By Geoff Agombar – Local Journalism Initiative
Stanstead Journal darkroom time capsule opened and resealed
(Photo : Chris Goodsell)

Chris Goodsell was in the basement of his parents’ commercial building, moving furniture stored there for decades when he noticed a one of the wall panels was not screwed shut. A bit of plastic was poking out from the insulation.

“I reached in and pulled out this bag. I didn’t know if was an owner’s manual just tucked in the wall. I almost chucked it out, then I saw something from the Journal.”

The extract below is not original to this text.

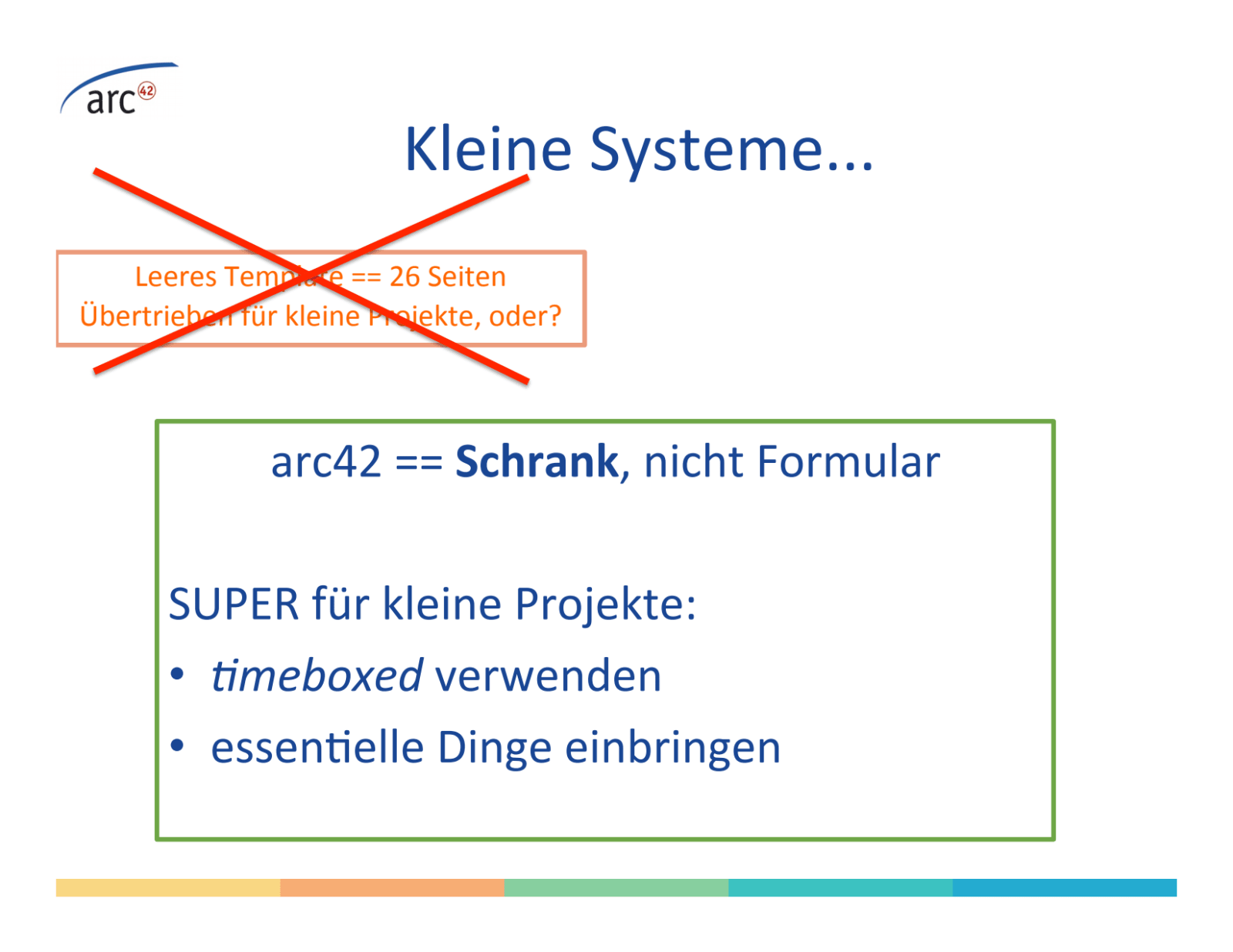 Slide 28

Inside Goodsell found a trove of black and white photos and memorabilia from the early ’90s. A satirical letter hoped Canada is still an independent country and asked whether anyone still speaks English in Quebec in the year 2091. The package had been tucked behind the wall of a brand-new darkroom of a plucky regional newspaper, The Stanstead Journal, circa Nov. 1991.
The Stanstead Journal has not published since May 2019.

“It brought a bunch of memories back. The people in the pictures, I remember a few of them from when I was a kid,” said Goodsell. “My dad used to have his office in another part of the building. I was ten. It was an office building. I would be told to be quiet and stay out of there, especially on production day.”

Goodsell guesses everyone chose one keepsake to add. A book of matches from the Knowlton pub. A place mat from Chez Mimi. A menu from La Vielle Douane restaurant.

“I’m assuming they would order out to those guys when they were busy and working in the office. Back then that’s pre-social media, pre-internet. Everything was done by hand and they spent a lot of time in there, especially on production days.”
Goodsell remembers watching the reporters coming and going.

“The environment was always busy. They used to have an old scanner so they could hear the firefighters, the ambulance, the police. Big computers, big screens, typing up their articles.”

“It was very investigative. They would really follow up on issues. That is really lacking today.” Goodsell continued. “Ross Murray would get a lot of come-back when he covered a story. If you write a story in Montreal, you’re not going to see them at the grocery store or at the gas station twenty minutes later.”